C’est une étape importante dans la jurisprudence relative au « devoir conjugal » – un terme souvent invoqué en droit français bien qu’il ne figure pas dans le code civil. Dans un arrêt rendu jeudi 23 janvier, la Cour européenne des droits de l’homme (CEDH) sanctionne la France pour l’usage de cette notion et juge que le fait de refuser d’avoir des relations sexuelles avec son mari ne constitue pas une « violation grave ou renouvelée des devoirs et obligations du mariage ».
La cour donne ainsi raison à la requérante, une femme de 69 ans, qui l’avait saisie le 5 mars 2021. Mariée en 1984, cette dernière avait lancé une procédure de divorce en 2012, au terme de laquelle un divorce pour faute, à ses torts exclusifs, avait été prononcé, au motif qu’elle s’était soustraite au devoir conjugal. Par un arrêt du 7 novembre 2019, la cour d’appel de Versailles, soulignant « le refus continu opposé par l’épouse à partir de 2004 à des relations intimes avec son mari », considérait en effet que cela constituait « une violation grave et renouvelée des devoirs et obligations du mariage rendant intolérable le maintien de la vie commune ».
Après avoir épuisé toutes les voies de recours en France, la dame s’était tournée vers la justice européenne, soutenue par des associations féministes comme le Collectif féministe contre le viol. Elle dénonçait la méconnaissance de son droit au respect de la vie privée, consacré par l’article 8 de la CEDH. Evoquant une « vision archaïque du mariage », la requérante soulignait que son refus des relations intimes s’inscrivait dans un contexte de violences de la part de son époux et s’expliquait aussi par des problèmes de santé importants.

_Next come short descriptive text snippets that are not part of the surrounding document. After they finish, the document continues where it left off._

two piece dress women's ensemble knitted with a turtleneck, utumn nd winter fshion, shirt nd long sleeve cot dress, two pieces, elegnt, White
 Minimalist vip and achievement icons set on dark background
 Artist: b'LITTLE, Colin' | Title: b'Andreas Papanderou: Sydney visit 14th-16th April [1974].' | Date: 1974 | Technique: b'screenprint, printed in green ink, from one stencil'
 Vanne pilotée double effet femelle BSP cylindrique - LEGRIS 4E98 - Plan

« Forme de violence sexuelle »
« La réaffirmation du devoir conjugal et le fait d’avoir prononcé le divorce pour faute au motif que la requérante avait cessé toute relation intime avec son époux constituent des ingérences dans son droit au respect de la vie privée, dans sa liberté sexuelle et dans son droit de disposer de son corps », tranche la décision, adoptée à l’unanimité des sept juges. La CEDH reconnaît donc le « préjudice moral certain » de la requérante.